Animalcare (LSE:ANCR)

Share price: 261p. Market cap: £54 million.

Trading Update: Positive performance, revenues up 8.6% to £14.7 million. Underlying profits to be broadly in line with last year, matching market expectations.

GN view: High earnings multiple attached to this one because of the favourable dynamics of a growing underlying market and the company’s solid performance track record.

Bilby (LSE:BILB)

Share price: 127.5p. Market cap: £49 million.

Final Results: Revenue £31.5 million, underlying profit before tax £2.9 million. Post period end, two acquisitions and a successful placing.

GN view: Recently listed holding company for strategic acquisitions in the gas heating/building services industries. Looks like it is off to a good start. Shareholders should study the transactions carefully and make sure they are comfortable with the pace of change and with management execution.

Dart Group (LSE:DTG)

Share price: 540p. Market cap: £800 million.

Preliminary Results: Revenue +12% to £1,405 million. Group operating profit +82% to £105 million. Final dividend increased to 3.10p.

GN view: The group’s leisure travel business is performing very well. Package holidays are benefiting from lower oil prices and continued strong demand to Europe/the Mediterranean. All-inclusive packages, representing 40% of bookings, can and should be fairly high-margin sales despite the cost-conscious nature of their customers.

Digital Globe Services (LSE:DGS)

Share price: 73.5p. Market cap: £20 million.

Trading Update: Robust trading the second half. Revenues  of c. $48 million (up from $40.3 million). EBITDA expected to be below market expectations at $3.1 million, due to lower margin on core business.

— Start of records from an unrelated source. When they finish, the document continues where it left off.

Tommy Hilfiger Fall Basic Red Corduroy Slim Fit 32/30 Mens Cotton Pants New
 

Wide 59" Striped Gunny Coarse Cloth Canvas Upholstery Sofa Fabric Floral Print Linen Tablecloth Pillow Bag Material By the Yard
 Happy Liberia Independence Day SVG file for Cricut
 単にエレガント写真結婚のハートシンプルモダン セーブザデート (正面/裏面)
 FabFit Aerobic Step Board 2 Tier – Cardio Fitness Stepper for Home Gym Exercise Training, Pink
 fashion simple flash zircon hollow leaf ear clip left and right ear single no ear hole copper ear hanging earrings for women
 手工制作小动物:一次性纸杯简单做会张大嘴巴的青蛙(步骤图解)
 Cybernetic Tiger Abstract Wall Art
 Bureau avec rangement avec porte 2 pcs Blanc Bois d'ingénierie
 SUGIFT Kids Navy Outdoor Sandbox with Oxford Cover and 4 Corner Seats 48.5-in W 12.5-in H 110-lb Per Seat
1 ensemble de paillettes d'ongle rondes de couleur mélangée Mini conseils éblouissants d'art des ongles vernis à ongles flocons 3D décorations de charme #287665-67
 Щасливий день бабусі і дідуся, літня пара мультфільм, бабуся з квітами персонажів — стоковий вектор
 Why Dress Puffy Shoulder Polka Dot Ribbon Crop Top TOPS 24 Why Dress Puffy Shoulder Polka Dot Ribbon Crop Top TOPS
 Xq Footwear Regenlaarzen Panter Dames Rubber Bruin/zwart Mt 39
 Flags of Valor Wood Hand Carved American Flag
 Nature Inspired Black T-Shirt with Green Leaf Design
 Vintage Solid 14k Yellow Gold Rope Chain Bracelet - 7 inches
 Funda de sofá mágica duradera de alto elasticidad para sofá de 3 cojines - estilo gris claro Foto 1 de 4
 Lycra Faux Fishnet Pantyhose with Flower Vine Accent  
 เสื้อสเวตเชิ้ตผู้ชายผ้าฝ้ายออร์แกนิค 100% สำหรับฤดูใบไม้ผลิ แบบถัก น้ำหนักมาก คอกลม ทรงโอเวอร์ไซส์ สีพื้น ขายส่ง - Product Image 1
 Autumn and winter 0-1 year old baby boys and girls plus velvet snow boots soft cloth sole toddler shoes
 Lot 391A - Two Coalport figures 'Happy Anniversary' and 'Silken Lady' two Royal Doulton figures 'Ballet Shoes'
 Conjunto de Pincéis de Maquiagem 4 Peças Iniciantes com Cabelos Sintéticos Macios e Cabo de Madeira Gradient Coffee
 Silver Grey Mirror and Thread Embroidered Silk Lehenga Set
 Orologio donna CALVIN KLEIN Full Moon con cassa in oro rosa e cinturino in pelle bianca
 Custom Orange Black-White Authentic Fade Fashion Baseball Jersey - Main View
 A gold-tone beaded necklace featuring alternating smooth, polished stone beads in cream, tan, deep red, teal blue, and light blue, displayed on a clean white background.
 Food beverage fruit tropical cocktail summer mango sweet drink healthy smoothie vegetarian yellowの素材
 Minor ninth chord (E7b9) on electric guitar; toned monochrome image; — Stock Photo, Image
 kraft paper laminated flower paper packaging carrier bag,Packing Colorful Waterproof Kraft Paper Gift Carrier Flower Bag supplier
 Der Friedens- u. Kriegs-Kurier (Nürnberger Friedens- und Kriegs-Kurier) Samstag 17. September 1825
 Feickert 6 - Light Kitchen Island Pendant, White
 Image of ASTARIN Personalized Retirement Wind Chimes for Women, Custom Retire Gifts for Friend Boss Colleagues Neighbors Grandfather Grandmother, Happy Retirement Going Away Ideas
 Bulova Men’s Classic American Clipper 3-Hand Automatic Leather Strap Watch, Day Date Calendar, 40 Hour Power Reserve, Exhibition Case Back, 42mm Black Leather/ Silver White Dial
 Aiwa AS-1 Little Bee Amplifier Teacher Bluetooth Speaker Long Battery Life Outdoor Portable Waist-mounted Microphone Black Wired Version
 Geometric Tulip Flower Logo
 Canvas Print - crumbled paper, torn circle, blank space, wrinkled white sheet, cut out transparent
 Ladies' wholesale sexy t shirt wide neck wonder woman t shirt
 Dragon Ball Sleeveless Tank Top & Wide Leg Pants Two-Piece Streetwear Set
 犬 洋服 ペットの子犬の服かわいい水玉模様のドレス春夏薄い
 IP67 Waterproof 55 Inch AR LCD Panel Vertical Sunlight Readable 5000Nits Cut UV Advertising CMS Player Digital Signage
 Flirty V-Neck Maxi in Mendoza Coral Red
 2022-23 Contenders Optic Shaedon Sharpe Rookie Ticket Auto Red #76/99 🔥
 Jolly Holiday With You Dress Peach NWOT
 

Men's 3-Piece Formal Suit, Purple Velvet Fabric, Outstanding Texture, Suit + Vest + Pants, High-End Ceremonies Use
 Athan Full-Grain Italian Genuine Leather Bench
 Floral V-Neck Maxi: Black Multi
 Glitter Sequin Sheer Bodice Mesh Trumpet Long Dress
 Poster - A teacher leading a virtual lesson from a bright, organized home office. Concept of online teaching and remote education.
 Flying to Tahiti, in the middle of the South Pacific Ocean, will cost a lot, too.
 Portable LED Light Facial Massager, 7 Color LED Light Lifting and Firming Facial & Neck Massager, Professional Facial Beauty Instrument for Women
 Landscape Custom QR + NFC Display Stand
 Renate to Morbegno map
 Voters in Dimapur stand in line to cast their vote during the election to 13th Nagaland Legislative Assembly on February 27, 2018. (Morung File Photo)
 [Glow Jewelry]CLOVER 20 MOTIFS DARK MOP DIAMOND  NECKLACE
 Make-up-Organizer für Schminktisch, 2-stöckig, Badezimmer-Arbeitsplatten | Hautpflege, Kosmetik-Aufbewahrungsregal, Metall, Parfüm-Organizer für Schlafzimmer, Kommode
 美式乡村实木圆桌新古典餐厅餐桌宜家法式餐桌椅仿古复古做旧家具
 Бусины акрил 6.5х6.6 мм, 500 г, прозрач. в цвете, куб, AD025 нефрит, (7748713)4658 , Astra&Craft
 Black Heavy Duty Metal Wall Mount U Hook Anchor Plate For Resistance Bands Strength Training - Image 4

GN view: An interesting concept, to outsource online customer acquisition. DGS customers are unlikely to have much brand loyalty however, and it will need to constantly hire the best staff to remain competitive.


Share price: 901.5p. Market cap: £570 million.

Trading Update: Six months have been “broadly in line with the Board’s expectations”. Growing market share and good momentum in order books and pipelines.

GN view: Broadly in line most likely means a slight miss on results. Healthcare IT is an interesting sector at the moment, if you can find companies with a sustainable business model. EMIS have achieved excellent market share with their products and looks highly investable.

Fulham Shore (LSE:FUL)

Share price: 17.375p. Market cap: £99 million.

Final Results: Revenues of £29.3 million for the year ended March 2016, following the acquisition of a restaurant group in April 2015. “Headline Operating Profit” of £3.3 million, reported Operating Profit £507,000.

GN view: Restaurants can be a very difficult business for external shareholders. Brand-name restaurants offer the best prospect of meaningful returns, and it appears that Fulham are attempting to create this. As an investment company which was only listed in 2014, I am a little perplexed by the stock’s premium to NAV. This year’s cash outflow and increased bank overdraft are also somewhat concerning.

Gulf Keystone Petroleum (LSE:GKP) (I hold a short position in GKP)

Share price: 4.7p. Market cap: £46 million.

Balance Sheet Restructuring Transaction: 66% of the Noteholders and 50% of the Convertible Bond holders have agreed to a potential restructuring transaction which would leave existing shareholders with 5% of the company, excluding their right to take part in an Open Offer at 1.09 USD cents (.082 pence).

GN view: This deal remains contingent on approval from the three key constituencies (Notes, Bonds and Shares), so it is far from certain that it will go ahead. Were it to go ahead, the company would see its debt liabilities reduce to just $100 million, due in 2021. I think that shareholders have little alternative but to approve.

Learning Technologies Group (LSE:LTG)

Share price: 31p. Market cap: £128 million.

Trading Update: Strengthened margins, “excellent progress”. Revenues in excess of £50 million during the first-half, profits in line with expectations.

GN view: This is a fairly new creation (2013), and previous attempts to build educational conglomerates have ended badly. It achieved profitability last year, worth investigating further.

Minoan Group (LSE:MIN)

Share price: 6.75p. Market cap: £13 million

Interim Results: “Total transaction value” up 15% to £33.1 million in the six month period. Travel business expanding organically. Waiting for a legal decision from Greece in September.

GN view: Little mention is made in the statement with regard to the operating loss of £0.3 million. Losses are understandable and optimism is fine, but I prefer when companies are more direct in their statements.

Mothercare (LSE:MTC)

Share price: 135.25p. Market cap: £230 million.

Q1 Trading Update: Like-for-like sales up 1.2%. Sale brought forward one week to clear stock following adverse weather. Total UK sales down 2.1%, reflecting 4.8% reduction in pace.

GN view: A reasonable result here and will give supporters of the stock no reason to abandon it. Big question remains whether it can find an attractive pitch to consumers which will generate a sustainable turnaround.